Tonga was launched in September of 2014 as the 285. This seems closest, particularly if we give Polaris a roughly mid-year launch, fixing the year numbers as being New Years of each year. It's not quite the same starting point for extrapolation than if more recent chips were used, as Tonga failed to distinguish itself from prior and then-contemporary cards.
It might be worthwhile comparing chips on 28nm with similar power levels to guess where Nvidia might end up relative to Polaris.
You are aware of the rumour/news that AMD tied up HBM1 memory from Hynix?
So it does suggest there is some kind of contract, in same way AMD still has that contract for X amount of silicon from Global Foundries.

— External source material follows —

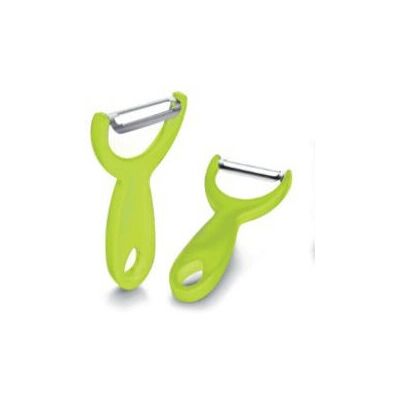 Éplucheur de Légumes Ibili 791400 - Durable, Tranchant, Ergonomique Éplucheur de Légumes Ibili 791400 - Durable, Tranchant, Ergonomique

Not really a big step, when one considers contractual obligations and how companies tie themselves for several years, especially if they initially have priority on a product as AMD did/does with Hynix, along with the fact AMD shows first HBM2 in 2017 and comment that they will not implement HBM2 until it is mainstream (seems it will take at least a quarter longer for Hynix to enter same level of mass production as Samsung).
Cheers
As a counterpoint, AMD has scrapped memory plans before when it couldn't get a second source. Kaveri could have used GDDR5M if one of the manufacturers didn't go under.
Purposefully locking into a single source for memory runs counter to that, and I'm not sure what looks worse: if HBM1 has only Fury at present as a consumer, if a limited product like Fury can capture all of HBM1's volume, or if AMD is buying single-sourced DRAM in excess of Fury's needs.

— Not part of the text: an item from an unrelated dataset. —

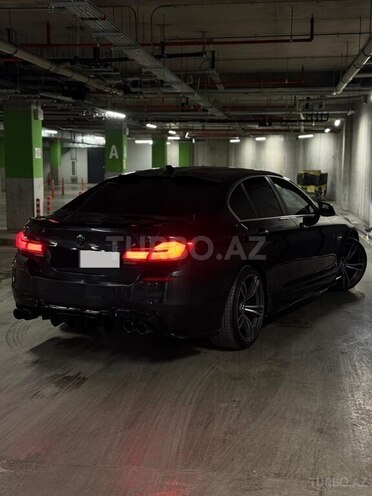 BMW 528-6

That's specific to the creation of GF. There was no way that the buyers for AMD's fabs were going to assume so much liability and expense and then let AMD waltz off. It seems almost a given that AMD would have done better if it had more freedom to avoid GF's blunders.
Hynix and AMD don't have that kind of financial stand-off built into their relationship.
I'm aware of these rumors, but I don't think they're very irrelevant. An exclusivity contract between to parties is pointless if it has no monetary value. It's like George Constanza asking for a prenup. It's doubtful that Nvidia would have designed a 28nm chip without such an exclusivity contract, since HBM's performance was a bit of a mismatch in terms of what could be done with it. (I expect HBM2 to be similarly mismatched, TBH.)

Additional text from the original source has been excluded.